Dagboek of roman. ‘Ik ben vrij’ leest als een dagboek, misschien moet je het een geromantiseerd, psychologisch ideeëndagboek noemen. Zeer opvallend is de ene illustratie in het boek die zou bewijzen dat (homo)erotiek, compleet met anale penetraties, in oude islamgemeenschappen net zoveel voorkwam als de afkeer Mohammeds hoofd af te beelden.
Taal. Een groot verschil met ‘Ik ga leven’ is dat de hoofdpersoon niet Büsra maar Lale Gül heet. Dit versterkt het autobiografische element. Ook worden in dit boek geen overdreven moeilijke woorden gebruikt. Wel gebruikt Gül enkele minder gangbare substantieven als ‘bedaring’ en ‘hunker’ en de moderne variant ‘hoezo’ van ‘waarom’ en de minder bekende uitdrukking ‘achter de veren’. Soms laat haar uitgever haar wat in de steek. Ik ontdek enkele handenvol taalfouten die ik Prometheus voorleg.
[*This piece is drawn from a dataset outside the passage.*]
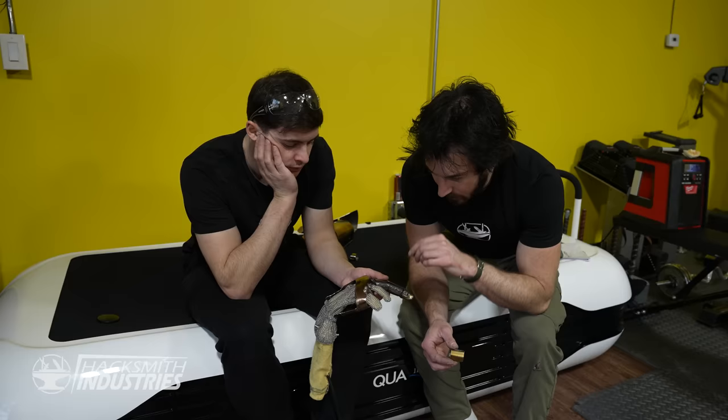Rope — no problem. Next up we've got metal chain and metal cable. It cut right through! That was with the long-distance lens. Now we have the short-focus lens and the high-pressure oxygen nozzle to cut through metal. Nice — no problem at all. Should I pop this? Look at how well that cuts!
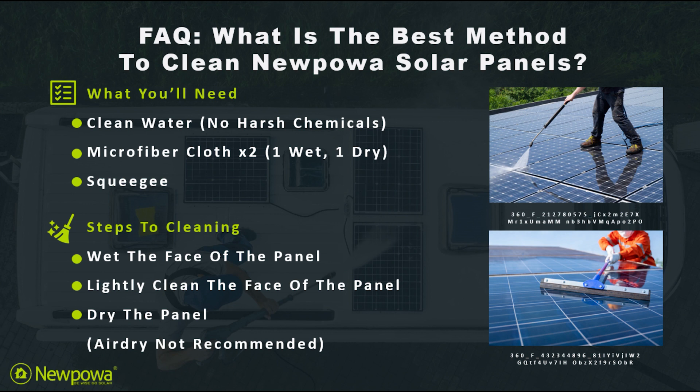To get around this, this is where the squeegee comes in. Just go ahead and clear the face of your panel, make sure no water is left, and just like that you're good to go.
Bureauredacteur Coenraads verzekert mij dat die in een tweede druk zullen worden hersteld.
Politici. Politici die het voor Gül opnemen worden in het boek met name (Halsema), of in het dankwoord (Marijnissen, Omtzigt, Arib, Wilders en meer) genoemd. Onder de indruk is Gül van Dennis Wiersma die kortstondig minister van onderwijs was. In het boek genoemde politici die zich van haar afwendden zijn Kaag en Simons. Lezen dus! Op 2 juni in Groningens Forum.